Evrensel bir şair Nazım; ama bir o kadar da yurtsever ve halkçı. Ona göre sanatçı ’’yaşamı örgütleyen’’ bir kişidir ;aydındır, ilericidir, eylem adamıdır. Yeryüzü tarihinde çağının sorunlarına karşı duyarsız bir tek büyük sanatçı gösteremezsiniz. Duyarsız olmadıkları içindir ki taraftırlar ;bilinçli bir taraflılıktır bu...Eşitlikten, adaletten, özgürlükten yana bir taraflılıktır bu...Sanatçıların;büyük sanatçıların en büyük sorunu iktidarladır;muhaliftirler her zaman. Sürgün edilirler, hapsedilirler, işkence edilirler, öldürülürler, yine siyasal duruşlarından ödün vermezler.
Garcia Lorca, İspanya İç Savaşı sırasında faşist Franco’nun adamları tarafından kurşuna dizilerek öldürüldü; ondan yıllarca önce Filipinli şair Jose Rizalda...Kübalı şair Jose Marti ise ulusal kurtuluş hareketinin kıvılcımı oldu; siyahlar giyinmiş beyaz bir ata biniyordu...İspanyol hattına geçince sömürgeci bir İspanyol askerinin kurşunlarına hedef oldu.

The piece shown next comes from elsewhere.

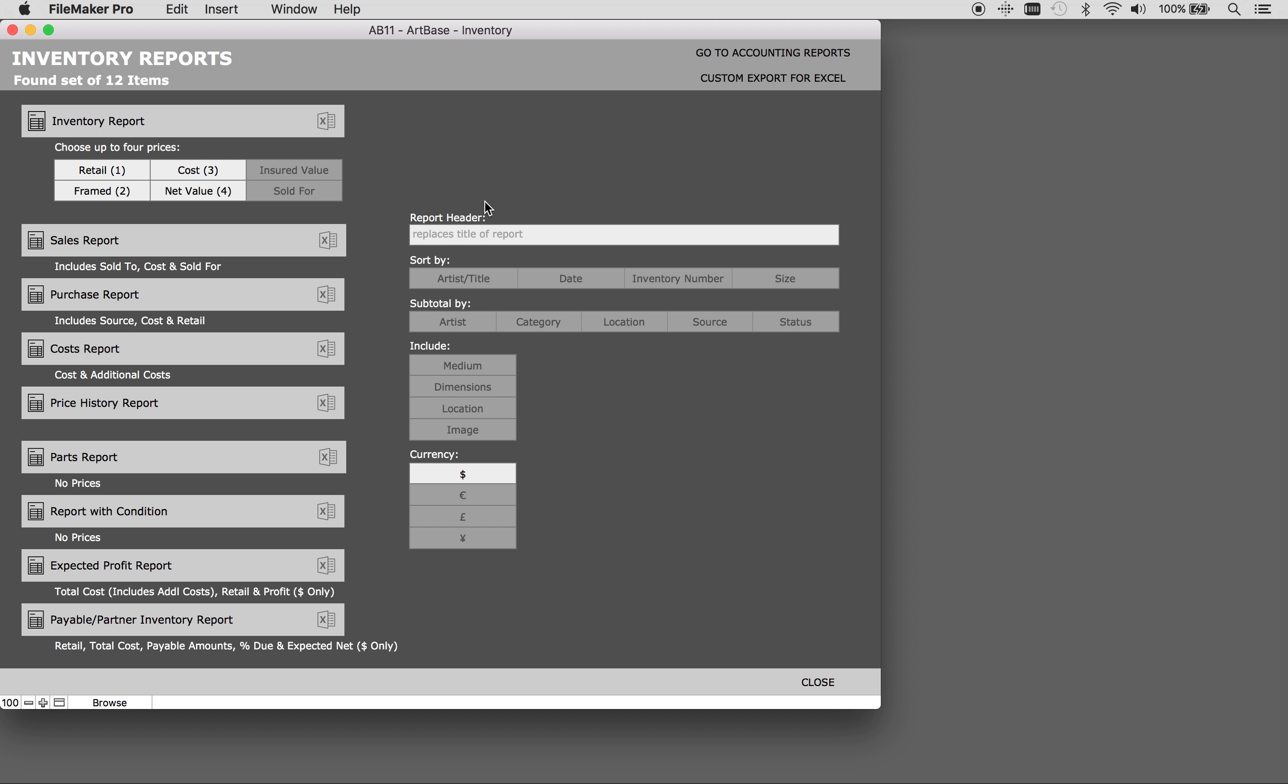On the right hand side of the screen you have further printing options. You can choose to have a report header. You can choose the sort order here and the sub sort order as well. Here you can choose descriptives to include. You can choose none or up to four. You also have the option to include the currency. You can choose to have it print in any of your four designated main currencies.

Güney Afrikalı Steve Biko ise beyaz iktidar uşaklarının işkenceleriyle can vermişti. Pablo Neruda sürgünde yaşadı. Bulgar şair Geo Milev gözaltından geri dönmedi, İranlı şair Hassem Shaabani 2004’ün Ocak ayında idam edildi. Örnekleri çoğaltmak ne yazık ki olanaklı...Ülkemizde 2 Temmuz 1993’te Sivas’ta yakılan sanatçıları unutmayalım; Seyyit Nesimileri, Pir Sultanları, Sabahattin Alileri unutmayalım...Sanata düşman olan bütün iktidarlar insanlığın düşmanıdır.
Nazım Hikmet’ de sürgünlüklere, hapisliklere rağmen sanatından, kişiliğinden, onurundan, dünya görüşünden, sosyalist mücadelesinden taviz vermedi. Cumhuriyetin, diğer aydınlarının yanında onu farklı kılan şey tarihsel alanla güncel olanın diyalektiğini iyi kurgulamış olmasıdır. Kurtuluş savaşını, cumhuriyet devrimlerini sahiplendi; ancak sosyalist bir topluma geçilmesi gerektiğini düşünüyordu. 1951’de hapisten çıkınca gizli polis tarafından öldürülmekten korktuğu için yurt dışına çıktı.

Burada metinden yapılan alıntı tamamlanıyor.